On February 9, 2018, the Bipartisan Budget Act of 2018 was signed into law by the President. The budget act includes a “health extenders” package that, among other changes, permanently repeals annual Medicare payment limits (or caps) on outpatient physical, speech, and occupational therapy services.[1] Pursuant to the Balanced Budget Act of 1997, Medicare Part B outpatient therapy has been subject to payment caps that required therapists to seek “exceptions” in order to continue providing care to Medicare beneficiaries once those caps were reached. Medicare beneficiaries were often left with uncertainty as Congress frequently wrestled with extending the exceptions process over the last twenty years, as was the case this year when the exceptions process expired on December 31, 2017.
Although the 2018 budget act repeals outpatient therapy caps, it still requires providers to continue using a modifier code when submitting claims above $2,100 annually for the purposes of “indicating that such services are medically necessary as justified by appropriate documentation in the medical record involved.”[2] The budget act also provides the Centers for Medicare & Medicaid Services (CMS) with five million dollars a year for nationwide targeted medical reviews of claims that surpass $3,000. However, the American Physical Therapy Association (APTA) clarifies that “[c]laims that go above $3,000 will not automatically be subject to targeted medical review. Instead, only a percentage of providers who meet certain criteria will be targeted, such as those who have had a high claims denial percentage or have aberrant billing patterns compared with their peers.”[3] Further, the American Occupational Therapy Association (AOTA) notes, “the therapy cap will never again put beneficiaries at risk for being denied essential occupational therapy services.”[4]

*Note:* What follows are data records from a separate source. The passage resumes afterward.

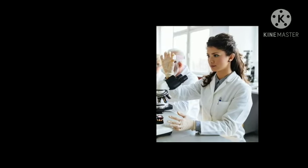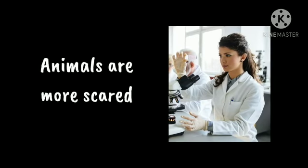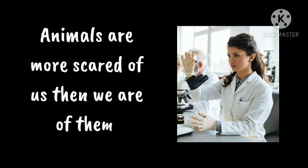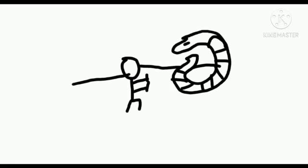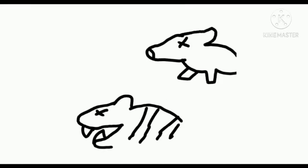You know that one scientist who said animals are more scared of us than we are of them? From that point on I just wondered, what if animals were not scared of us at all?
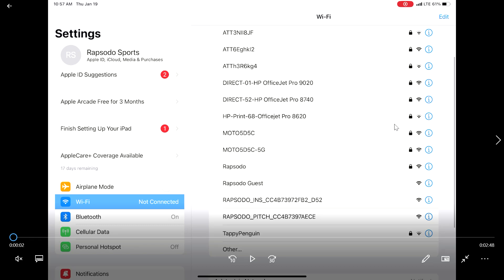To begin, turn both the Insight and Rapsodo unit on. Wait until you can see both Wi-Fi products available in the settings of your iPad.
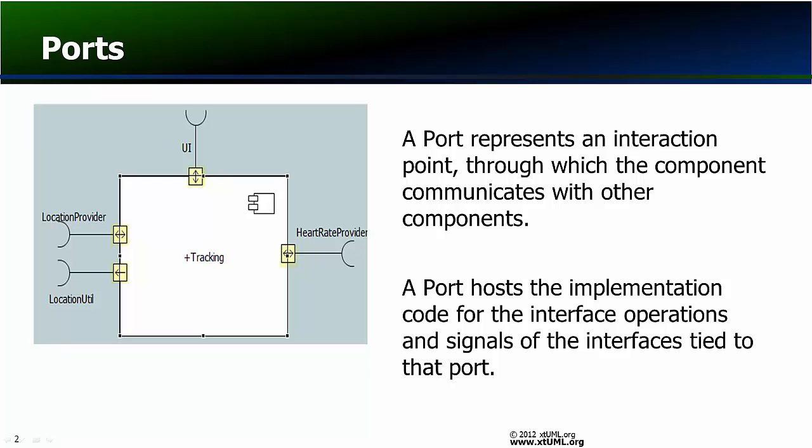A port represents an interaction point through which the component communicates with other components. A port hosts the implementation code for the interface operations and signals of the interfaces tied to the port.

The repeal of the therapy caps bolsters the implementation of the court-approved settlement agreement in Jimmo v. Sebelius, No. 11-cv-17 (D. VT), also known as the “Improvement Standard” case. The Jimmo Settlement – reached by the Center for Medicare Advocacy and Vermont Legal Aid with CMS – required CMS to confirm that “[s]killed care may be necessary to improve a patient’s condition, to maintain a patient’s current condition, or to prevent or slow further deterioration of the patient’s condition.”[5] Although the Jimmo Settlement protects all Medicare beneficiaries who need ongoing maintenance therapy services, including those with chronic conditions, beneficiaries still faced the annual therapy caps.
The Jimmo Settlement, along with the repeal of the outpatient therapy caps, confirms that beneficiaries in need of ongoing therapy should no longer need to worry about these arbitrary barriers to care.
- To read more about the Jimmo Settlement Agreement, please visit: https://www.medicareadvocacy.org/medicare-info/improvement-standard/.
- To read the Bipartisan Budget Act of 2018, please visit: https://www.congress.gov/bill/115th-congress/house-bill/1892/text.
D. Valanejad, February 14 2018
[1] Bipartisan Budget Act of 2018, H.R. 1892, 115th Cong. 50202 (2018) (to be codified at 42 U.S.C. § 1395l(g)).
[2] Id.
[3] A Permanent Fix to the Therapy Cap: Improved Access for Medicare Patients Comes With Pending APTA-Opposed Cut to PTA Payment, PT In Motion, APTA (Feb. 9, 2018), http://www.apta.org/PTinMotion/News/2018/02/09/TherapyCapRepeal/.
[4] Amy Lamb, Therapy Cap Repealed After 20 Years: Message from AOTA President, AOTA (Feb. 9, 2018), https://www.aota.org/Advocacy-Policy/Congressional-Affairs/Legislative-Issues-Update/2018/therapy-cap-repealed-signed-into-law-aota-president-message.aspx?promo_name=stopped-the-cap&promo_creative=Advocacy-Policy&promo_position=hero.